Some experiments have focused on the effect of elevated salinity on flowering and reproduction, but all too often consider only long-term, chronic effects (e.g. Van Zandt and Mopper, 2002; Pathikonda et al., 2010; Rajaniemi and Barrett, 2018). Nonetheless, these studies are important as they show that: (1) responses may only become apparent long after exposure (Van Zandt and Mopper, 2002); (2) reduced sexual reproduction was not compensated by vegetative reproduction (Pathikonda et al., 2010); and (3) germination potential is species specific (Rajaniemi and Barrett, 2018).
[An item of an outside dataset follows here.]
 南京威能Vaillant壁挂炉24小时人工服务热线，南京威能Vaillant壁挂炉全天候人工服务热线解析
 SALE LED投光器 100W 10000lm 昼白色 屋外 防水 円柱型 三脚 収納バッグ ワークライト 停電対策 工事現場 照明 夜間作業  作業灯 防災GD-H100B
Many fewer authors report the impact of acute seawater flooding on the reproductive potential of coastal plants, but those that do evidence reduced flowering (White et al., 2014; Hanley et al., 2020a) and reproductive output (Hanley et al., 2020b). A critical element of the latter study was that the growth of seedlings cultivated from parent plants subject to acute seawater immersion declined, i.e. while the parent plant might survive long enough to reproduce, longer term regeneration potential is compromised. The importance of changes in wave action on the dynamic sediment environment in saltmarsh regeneration may be better understood (Bouma et al., 2016; Cao et al., 2018), but there is a need to elucidate the effects of all manifestations of storm damage and flooding on plant reproductive and recruitment potential, including storm-driven dispersal.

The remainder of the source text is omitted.